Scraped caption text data
+++

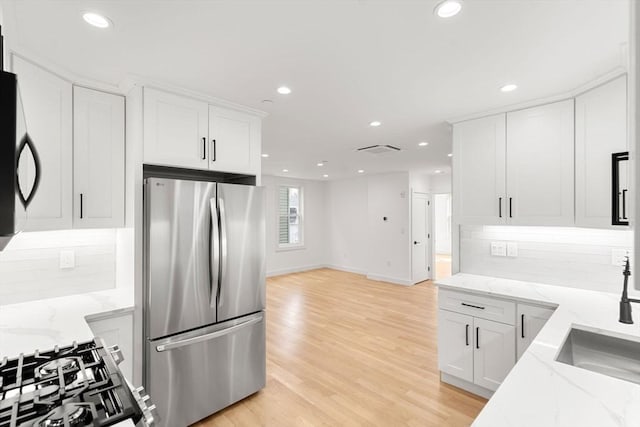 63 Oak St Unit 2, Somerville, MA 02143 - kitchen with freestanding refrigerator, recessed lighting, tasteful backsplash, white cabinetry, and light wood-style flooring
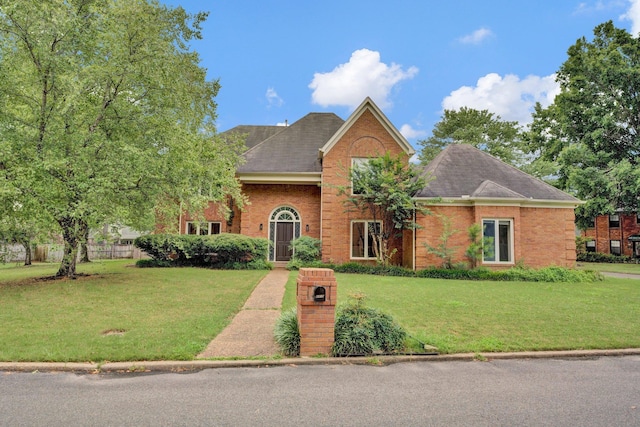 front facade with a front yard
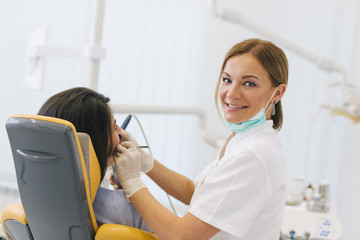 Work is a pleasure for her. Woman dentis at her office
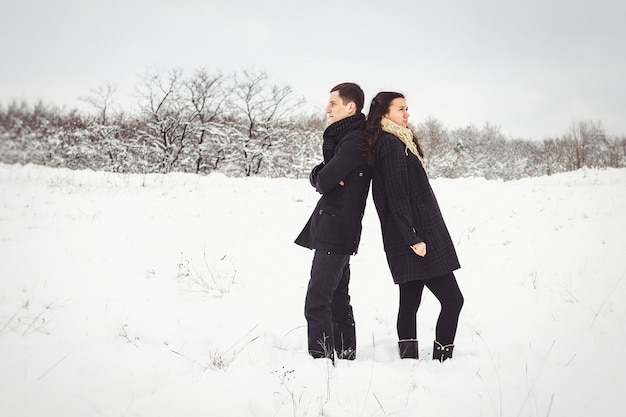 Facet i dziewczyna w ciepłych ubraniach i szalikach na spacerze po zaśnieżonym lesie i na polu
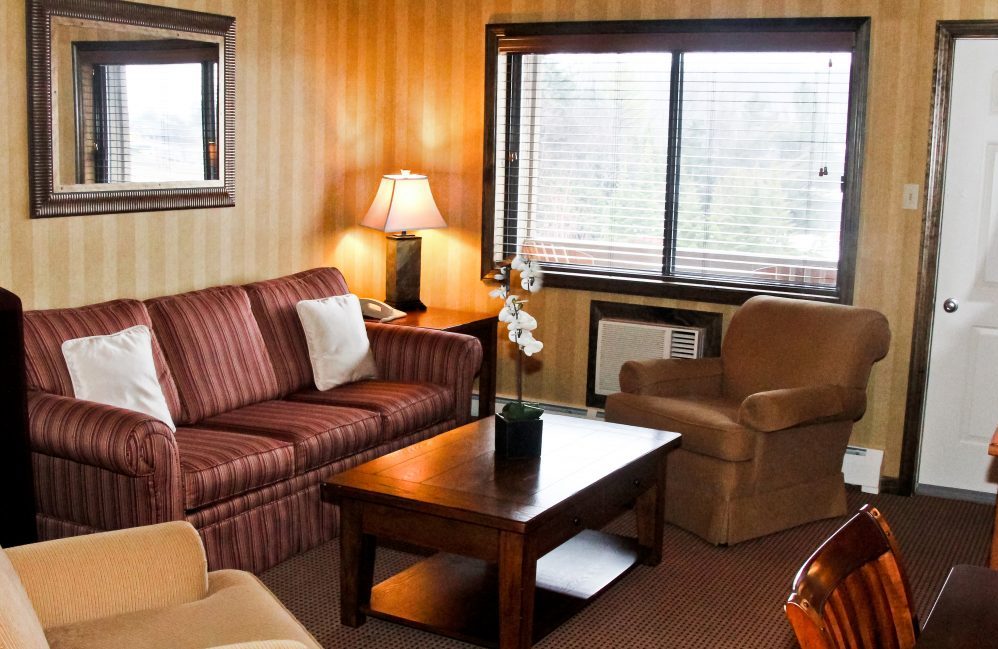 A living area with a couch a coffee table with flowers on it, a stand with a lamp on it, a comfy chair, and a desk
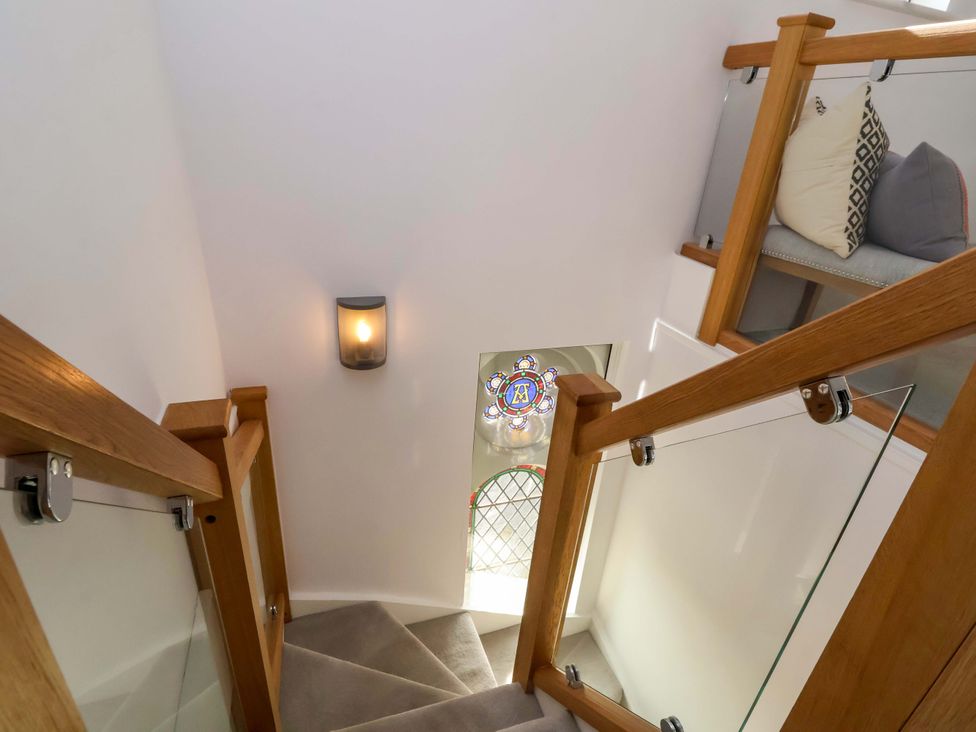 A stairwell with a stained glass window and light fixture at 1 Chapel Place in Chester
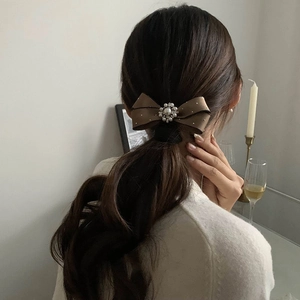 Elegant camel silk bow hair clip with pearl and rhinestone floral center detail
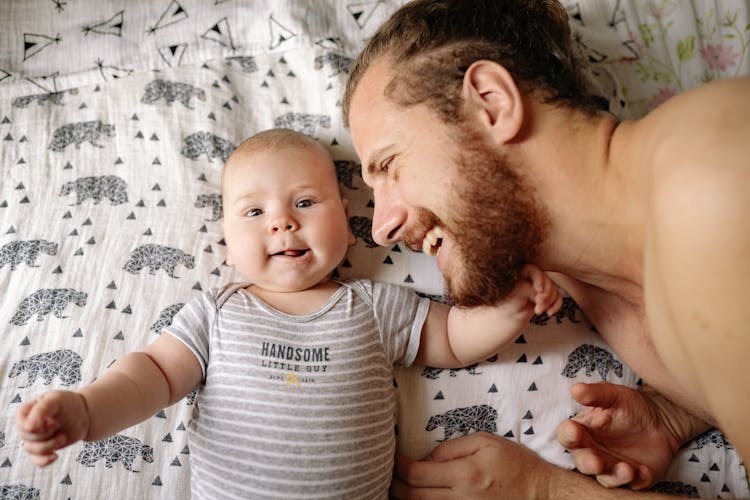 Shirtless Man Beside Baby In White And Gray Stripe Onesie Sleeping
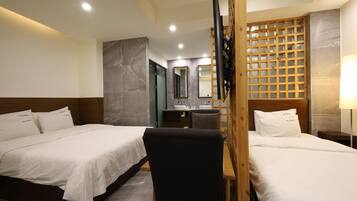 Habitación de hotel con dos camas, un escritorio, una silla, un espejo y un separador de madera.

+++

:: Directions for this task ::
None of the pictures should appear; repeat the records exactly otherwise.

:: Exercise answer ::
 63 Oak St Unit 2, Somerville, MA 02143 - kitchen with freestanding refrigerator, recessed lighting, tasteful backsplash, white cabinetry, and light wood-style flooring
 front facade with a front yard
 Work is a pleasure for her. Woman dentis at her office
 Facet i dziewczyna w ciepłych ubraniach i szalikach na spacerze po zaśnieżonym lesie i na polu
 A living area with a couch a coffee table with flowers on it, a stand with a lamp on it, a comfy chair, and a desk
 A stairwell with a stained glass window and light fixture at 1 Chapel Place in Chester
 Elegant camel silk bow hair clip with pearl and rhinestone floral center detail
 Shirtless Man Beside Baby In White And Gray Stripe Onesie Sleeping
 Habitación de hotel con dos camas, un escritorio, una silla, un espejo y un separador de madera.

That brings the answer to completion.